Home March 2014 A Slightly Offensive Slant

A Slightly Offensive Slant

Apparently the Orange County 20s and 30s appreciate a slightly offensive take on cultural Judaism. Moishe House (MoHo) – Costa Mesa and I have partnered up for several months to provide a different perspective on Judaism in Orange County. The event addresses common issues that we, as OC residents, struggle with in our assimilated lives. As advertised, “Coffee Talk with Rachel Schiff is a Brooklyn-style conversation about Judaism in OC and a national look on Jewish topics from a more cultural and urban perspective. This isn’t your Bubbie’s conversation!”

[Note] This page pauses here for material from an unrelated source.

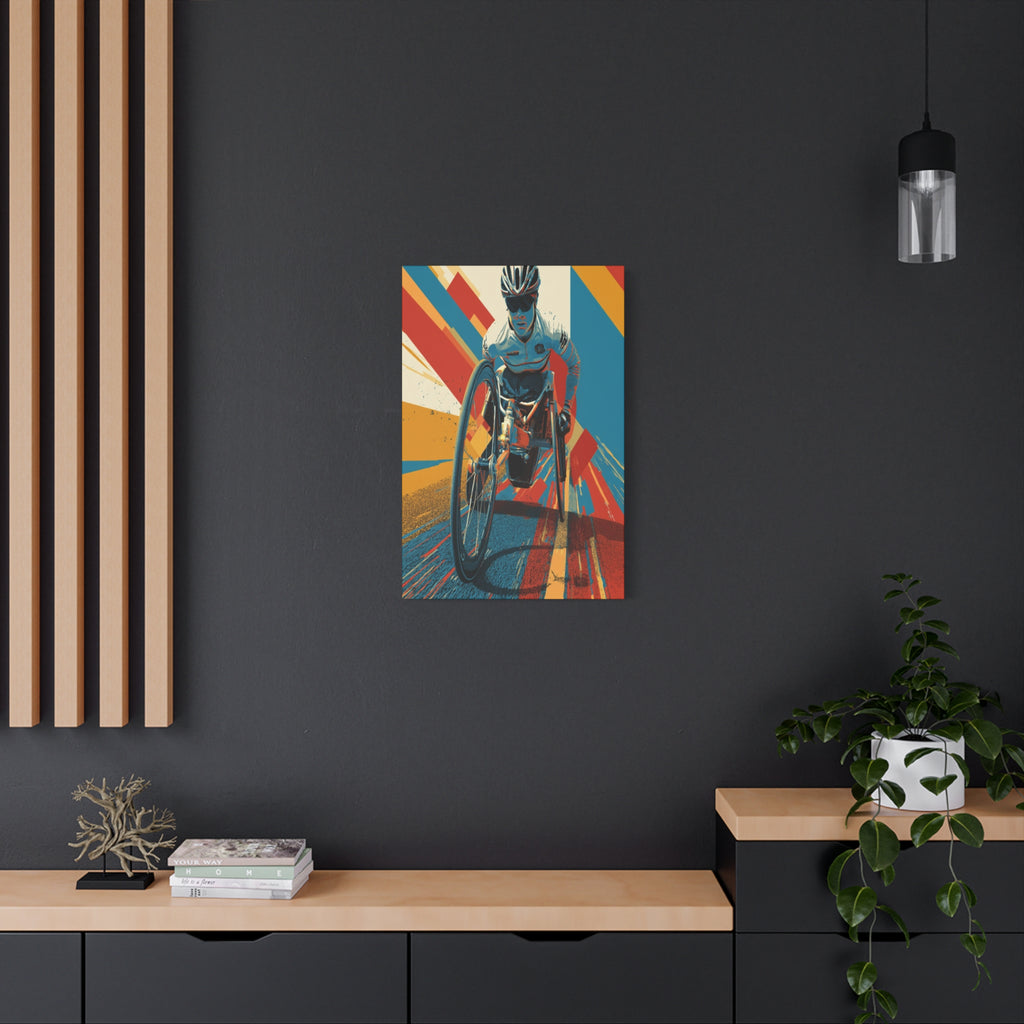 Empowering Wheelchair Athlete Canvas Art, Inspirational Wall Decor, Motivational Home Decor, Unique Gift for Sports Enthusiasts, [...]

Ironically, the word “religious” can be a deterrent for people. For some, it reminds them of a community they cannot relate to; others find the concept of Torah and religion so far removed from their lives that they simply identify as “just Jewish.” Millennials are less inclined to place themselves in a category or a major sect of Judaism, even if they attend a synagogue regularly. Our perception of Judaism and community does not match the framework of our parents’ communities.

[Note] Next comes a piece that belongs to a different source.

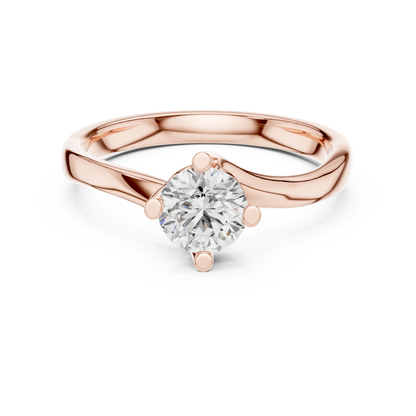 Round Solitaire Lab Grown Diamond Ring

Often overwhelmed and pressed for time, Millennials are typically concerned with where to place their mental and physical energy. Where should we grow and develop? Where should we spend our limited amounts of time? On top of these concerns, we deal with where our religious and cultural issues fall in our daily grind. When do we prioritize our affiliations and practices? Many times, as Millennials, we discover much of what we value in conversations when we engage with others.  The discussion aids participants by setting out a portion of time that is both social and engaging.

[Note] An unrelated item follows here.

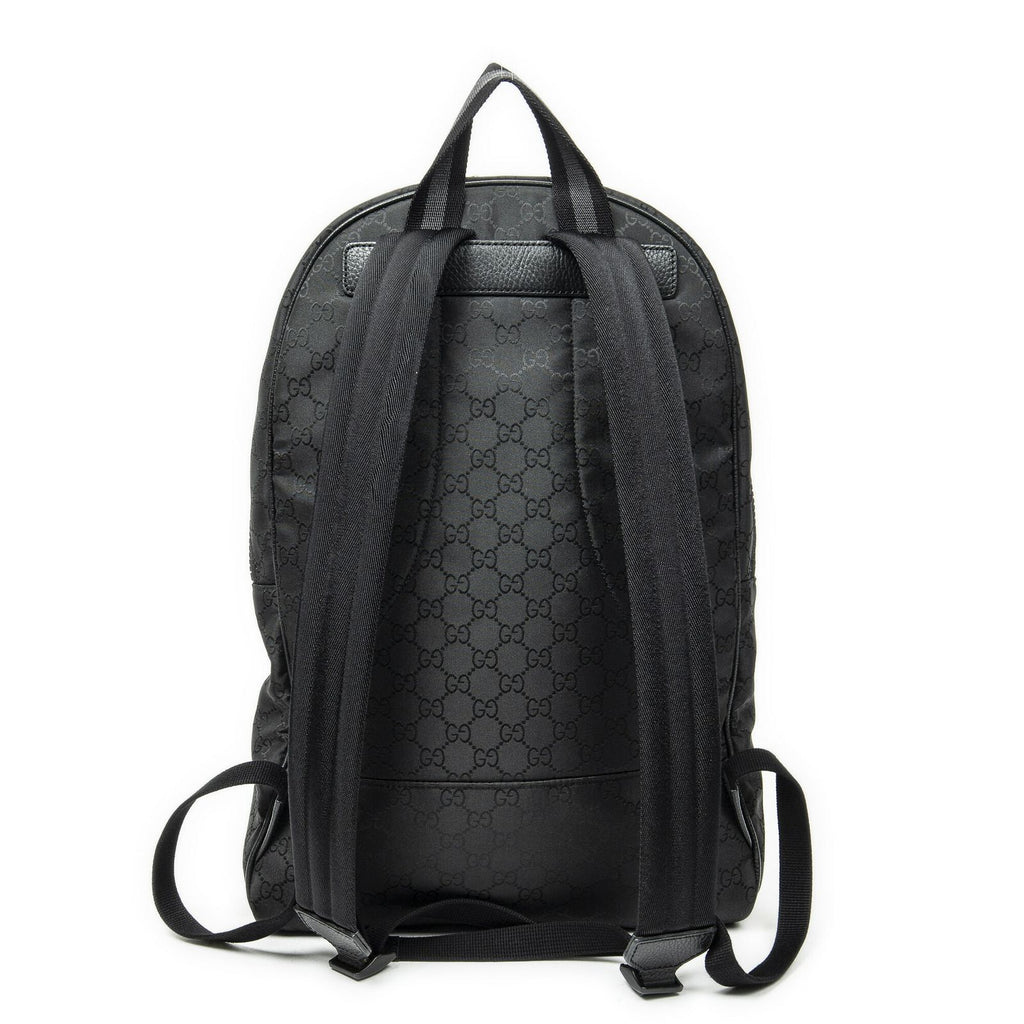Gucci GG Nylon Backpack Black — view 5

The conversations are intended to challenge the participants to assess how they observe their Judaism. Many times people have expressed that a Jewish conversation is intimidating. This relaxed and even inappropriate slant allows the participants to come into a nonjudgmental space. Sitting on a sofa with coffee, tea and some unhealthy carbohydrates really does relax the slightly anxious and neurotic Jewish population. If that does not calm the nerves, the diction perpetuates a liberal environment where all ideas are welcome. There is no prior objective; no one is supposed to come into the event with a skill set or deep understanding of his or her personal beliefs and then suddenly expect to change. The event is simply a bold conversation, encouraging the members of the community to evaluate their own personal beliefs and share them. Many times I have found myself questioning my own practices after discussing topics with participants.
As an element of surprise, I do not share the topic until people get to MoHo. There is a level of fairness with this method. No one has the ability to research and become an authority prior to the discussion. In life, as Jews, we have to make assessments of how we will handle situations without having time to study up on topics. Why should this event be any different? Another beautiful gem about not sharing the topic is that people seem to attend due to sheer curiosity. Previous topics that have been discussed are: B’nai Mitzvot: Are they important?; Jewish Online Dating; Keeping a Kosher Home; Sexy Jewish Women; and Being Jewish on Christmas. MoHo and I welcome community members between the ages of 21 and 30 to join us in our monthly event. Typically, the events are held the last Monday of every month.